-- Opening Marker --

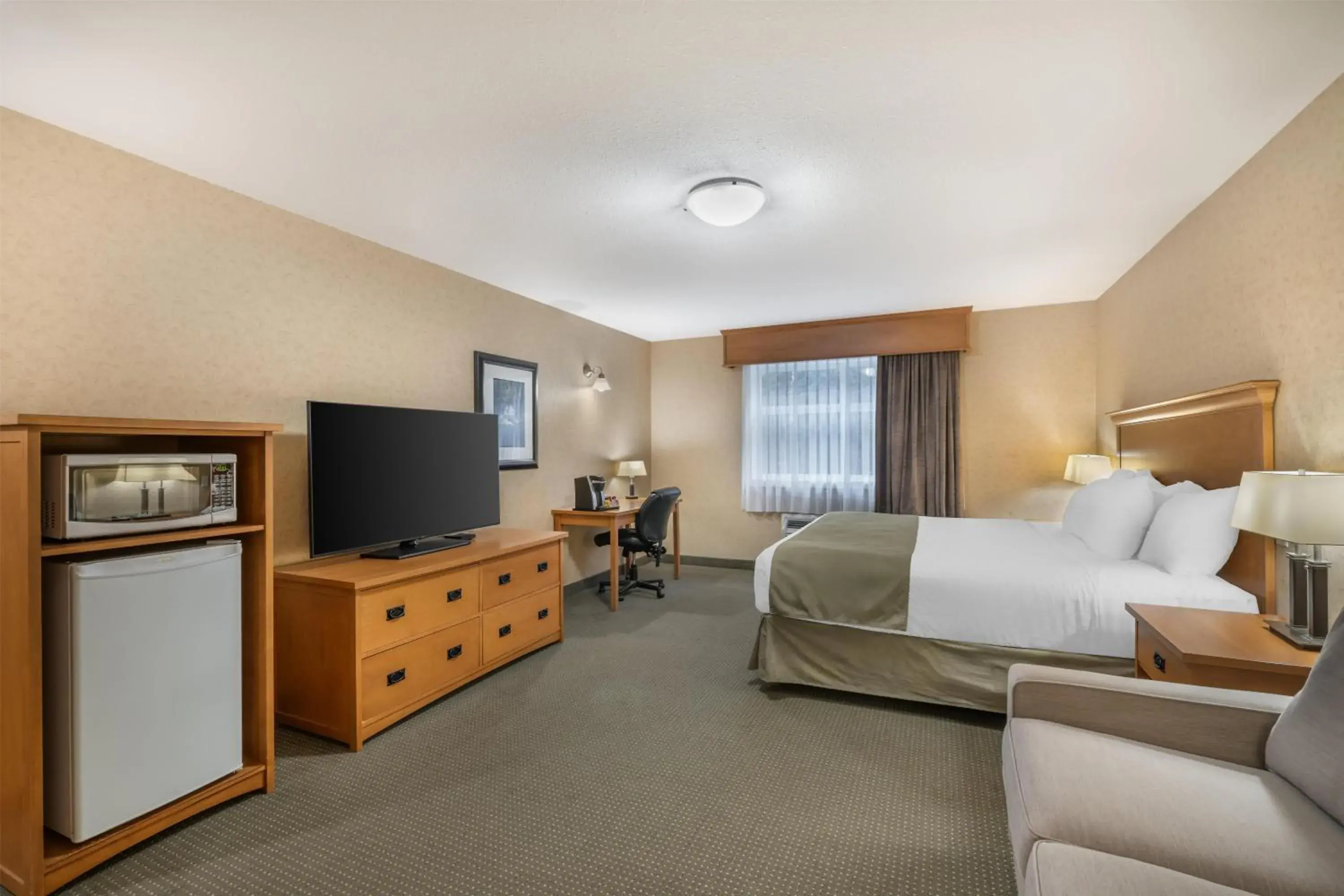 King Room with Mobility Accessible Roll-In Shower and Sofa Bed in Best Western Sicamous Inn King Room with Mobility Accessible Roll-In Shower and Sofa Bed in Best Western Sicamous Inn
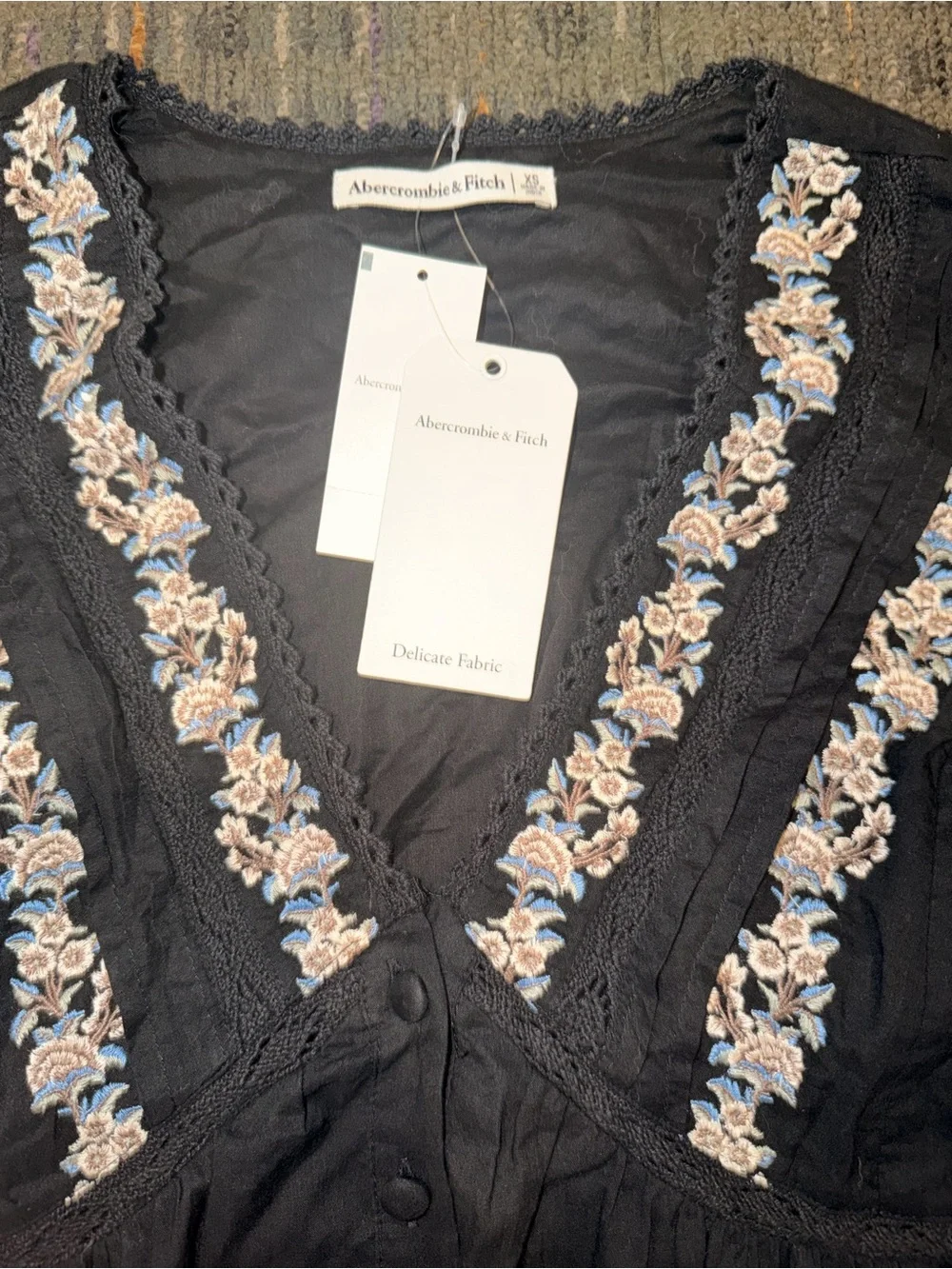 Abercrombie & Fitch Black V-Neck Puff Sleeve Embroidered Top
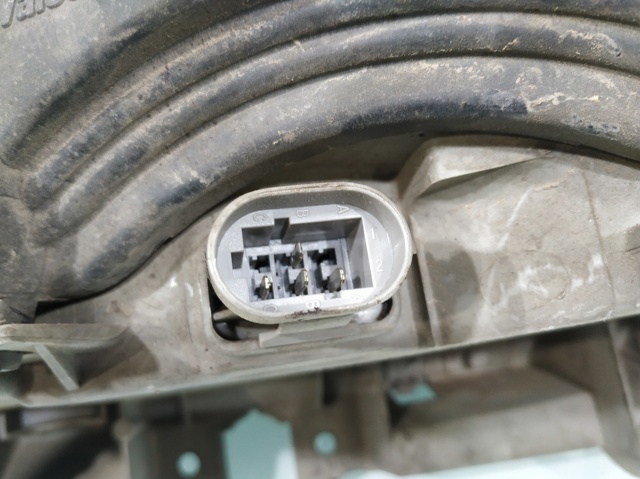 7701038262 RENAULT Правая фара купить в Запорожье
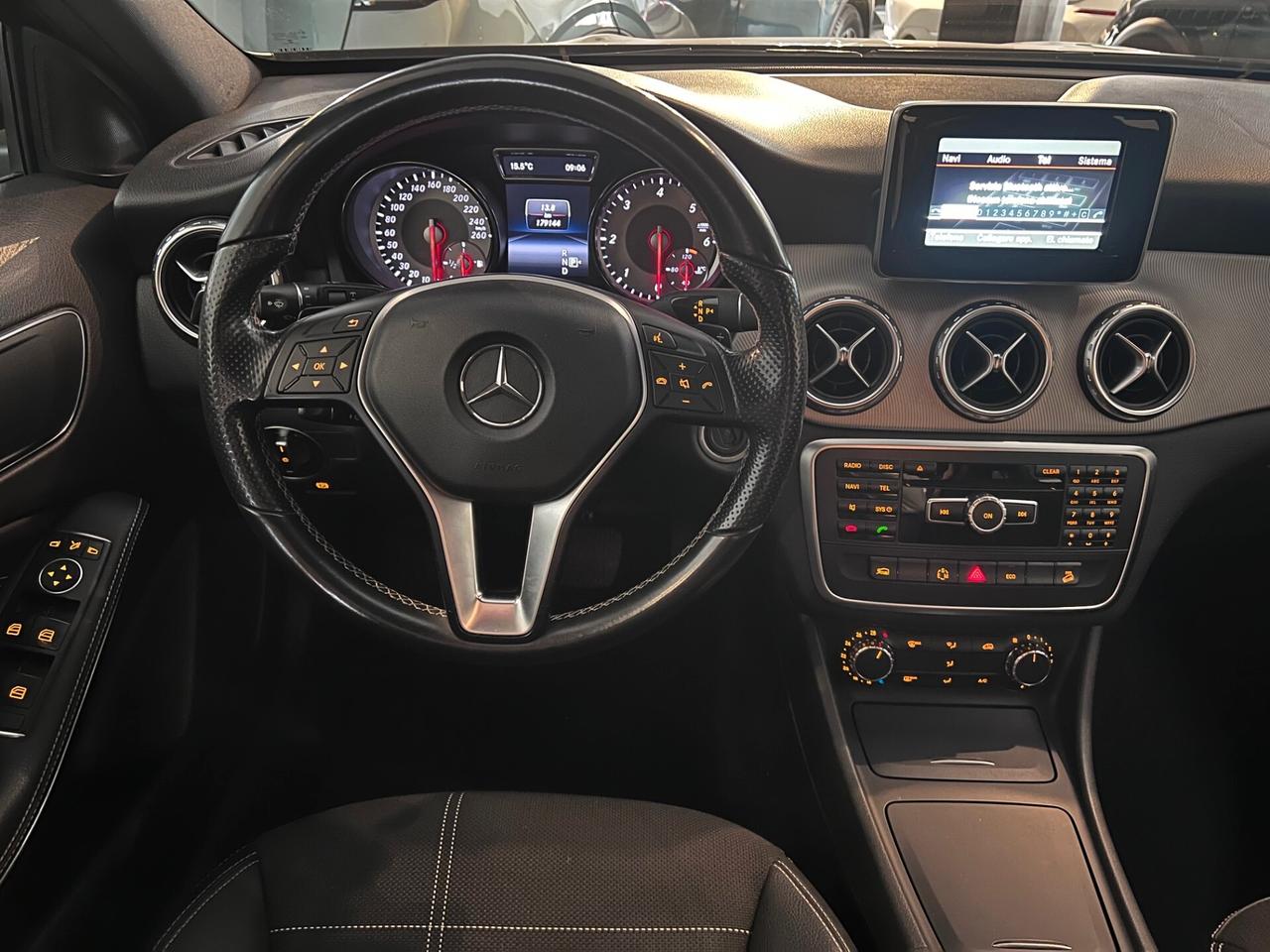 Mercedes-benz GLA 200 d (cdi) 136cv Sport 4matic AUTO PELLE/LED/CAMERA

-- Closing Marker --

Exercise brief:
From the line containing "7701038262 RENAULT Правая" to the end of the listing, restate each line word for word and nothing more; the pictures stay out.

Worked solution:
 7701038262 RENAULT Правая фара купить в Запорожье
 Mercedes-benz GLA 200 d (cdi) 136cv Sport 4matic AUTO PELLE/LED/CAMERA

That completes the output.